If you are deciding between buying 2 leasehold properties in a similar location, calculate the
Implied comparable PSF of the older property = Asking PSF of the older property x Remaining years on the lease of the newer property / Remaining years on the lease of the older property
and compare it with the current market value PSF of the newer property. You can use the current asking PSF or the last transacted PSF of the most comparable unit in the newer development as a proxy.
Let’s use Lutheran Towers and The Siena which are both leasehold condominiums at Tan Kim Cheng road as an example.
Lutheran Towers has a 103 lease from 1974 and The Siena has a 99 year lease from 2013.
The lowest asking price of a 1950 sqft flat in Lutheran Towers is S$1.8m or S$923 psf. The Implied comparable PSF is S$923 x 94/59 = S$1,471 compared to the last transacted PSF of S$2,174 for The Siena.

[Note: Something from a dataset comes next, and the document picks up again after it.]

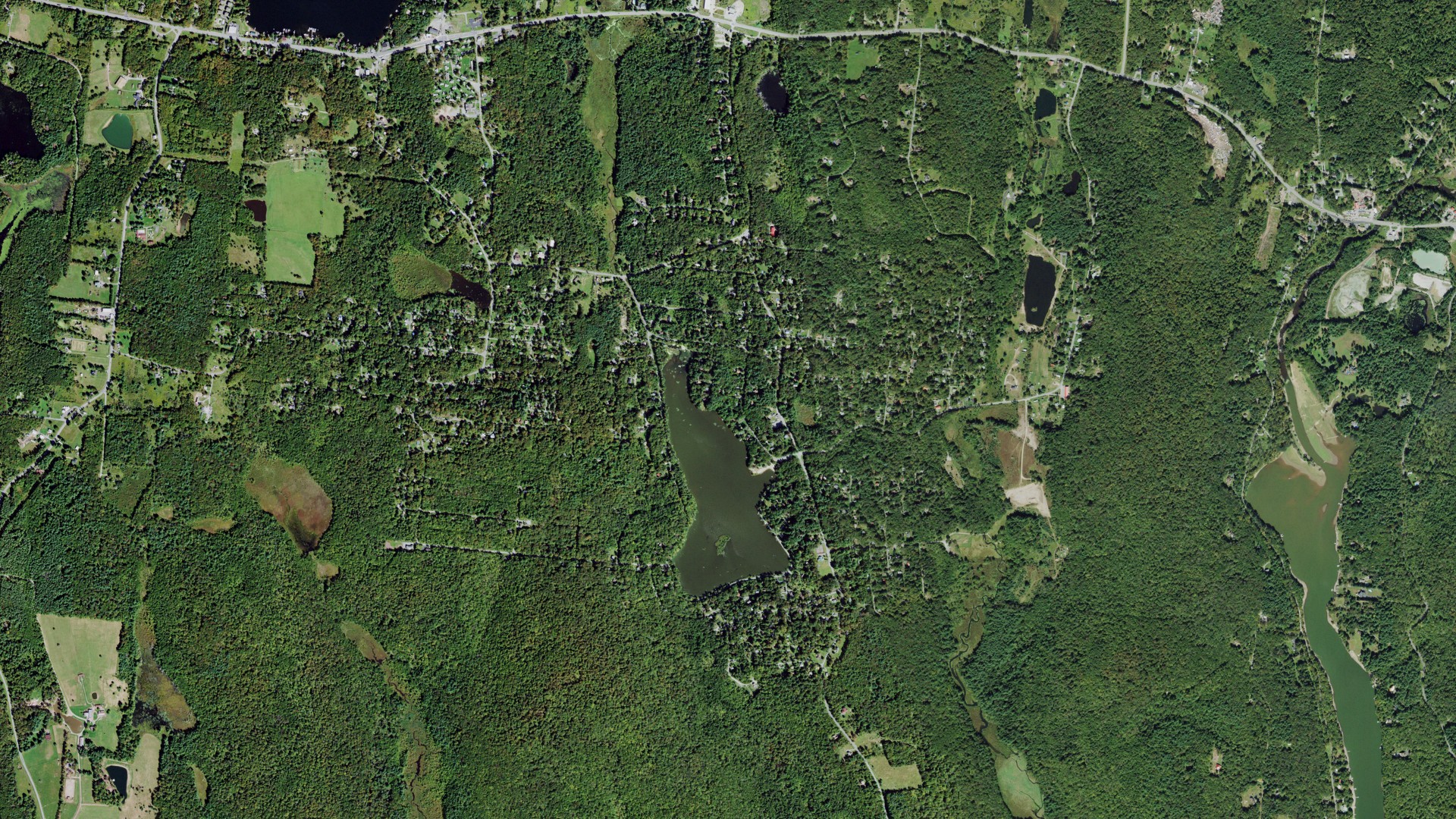 Natural-color aerial photograph of land around Smallwood, New York
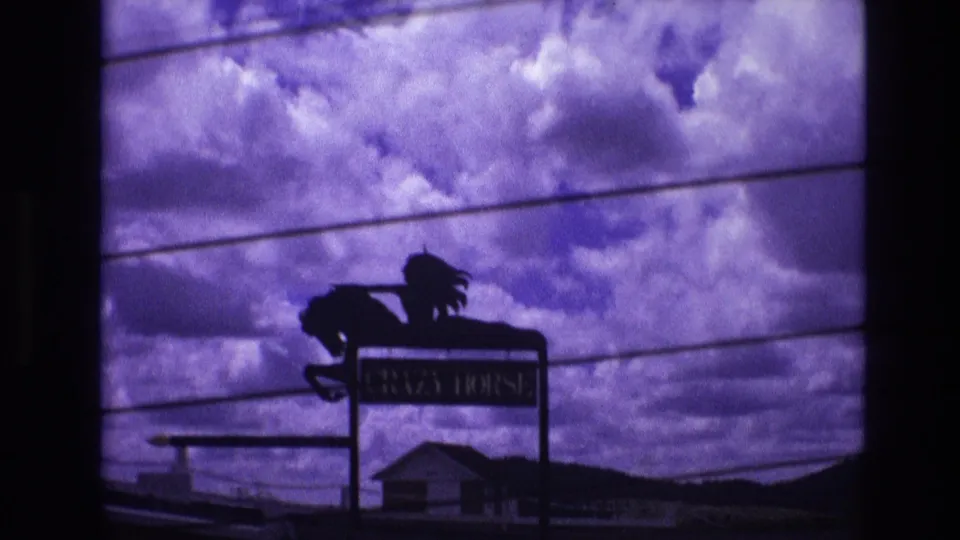 Purple-tinted 1974 South Dakota 8mm frame showing the CRAZY HORSE sign below overhead wires with buildings and hills in the distance.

There are a few ways to interpret these figures. If you feel that the quality and the facilities of the Siena justify the 33% premium, then The Siena might be a better buy for you. However, if the Implied comparable PSF of Lutheran Towers is higher or just slightly lower than the current market value PSF of The Siena, then it may imply that the asking price of Lutheran Towers is too high as it is a much older development with hardly any facilities. In this case, you may want to negotiate the pricing with the seller. If you feel that S$1,471 PSF will not allow you to buy any properties near Tan Kim Cheng road, you may feel that Lutheran Towers still offers good value for the location although it only has about 59 years left on the lease.
If you are deciding between renting or buying the same leasehold property, compare the
Total mortgage instalments over the loan instalment period vs. the Total monthly market rate rental until your expected death
Clearly, people buy their own properties for their own reasons which may be due to family, sense of home, not wanting to rent from others or other reasons. However, from a pure financial standpoint, the monthly mortgage instalments might be much higher than the monthly rentals, especially for private properties.
By paying off a 99-year leasehold property in 25-30 years, you are essentially prepaying the remaining lease period of 60-70 years for your descendants during your lifetime. If you do not care about leaving an inheritance for your descendants, renting might reduce your financial burden by removing the need for the high upfront deposit and reducing your monthly property-related outflows.